We're not done yet.  Here are a few other data points I'm going to throw out because I find them too suspect to be reliable for district-wide policy-setting decisions:  Studies involving less than 18 students (n):  79.  Admittedly, this is somewhat arbitrary, but I could probably defend their exclusion* far better than anyone could defend their inclusion.  That brings us down to 106 (10.2% of the total) studies.  I'm going to stop there, but notice that there are also 16 studies that are incomplete; they have no unit length.  Another 21 studies lasted less than a week.  Two studies have controls of less than 10 students, which "seems" too low (one is 4, the other 9).  So even this remaining 10% is somewhat dubious.  But it's not the ten percent that really bothers me, it's the 90%, because Marzano's work--which sadly is influencing policy--is based on all of this bad data.  One other quick question:  How much time was spent on each of these 1000+ studies?  (I'm guessing not a lot; see below.)

In other words, the policy is based on research and the research relies on unreliable data.

So does it surprise anyone that all of these new policies only seem to make things worse?

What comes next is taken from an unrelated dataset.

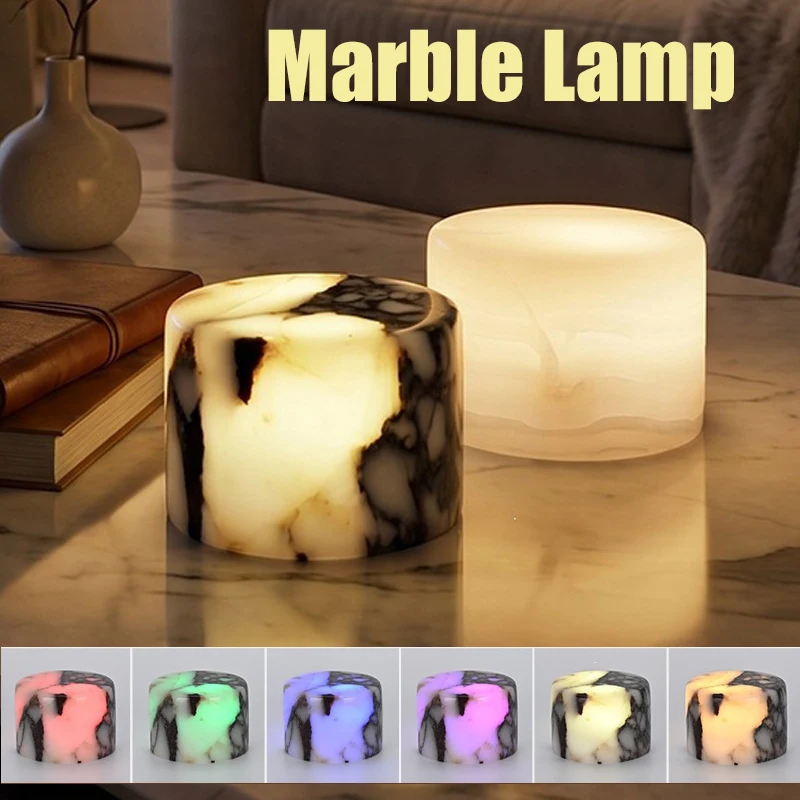 Luxury Stone Table Lamp Marble Lamp Touch Control LED Color Changing Night Light for Home Decor, Bedroom, Living Room & Office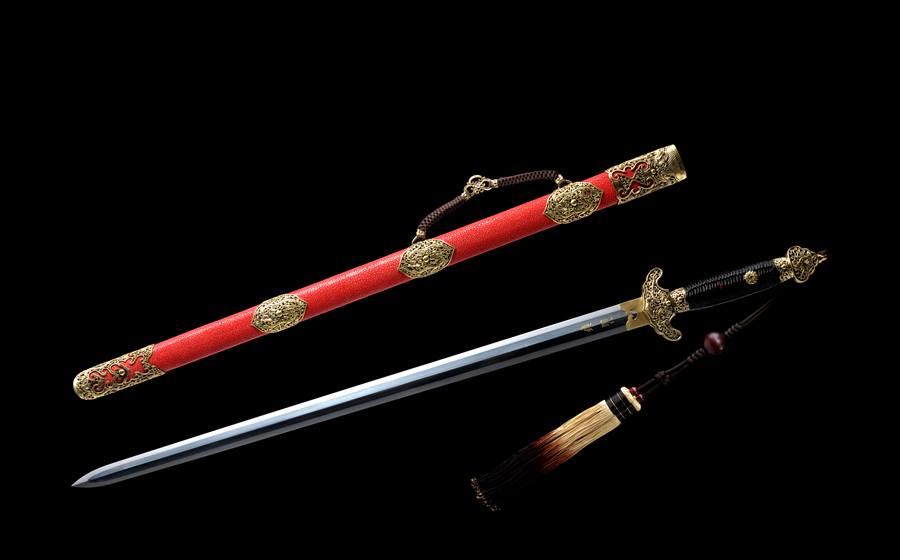 三色铜“青龙刀盘”武士刀（黑檀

Also worth reading:  "Marzano - A Successful Fraud", a review of Marzano et al's Classroom Instruction that Works...

To quote the review:

A. Every single reference I checked was itself dubious or misrepresented by the authors.
B. Some of the references were on topics unrelated to the instructional strategies cited.
B. [sic] Some of the numbers from published data were altered to better conform to the author's point of view.
C. Some of the references themselves presented provisional conclusions based on weak results, but were given complete credence by Marzano et al.
D. The authors took weak data from several studies, each based on averaging the results from studies assumed to use similar methods and subject cohorts, and averaged these, compounding the statistical weaknesses. This is especially shocking given that no credible researcher would combine results from studies by different groups that clearly use different methodologies and subject cohorts.

*  My rationale for excluding studies of < 18 students:  This is less than a typical classroom and more importantly, probably less than necessary for reliable statistical analysis (I was always told to use at least 30 data points, but that was in a field--Science/Engineering--that has much more rigorous standards than the social sciences, let alone education).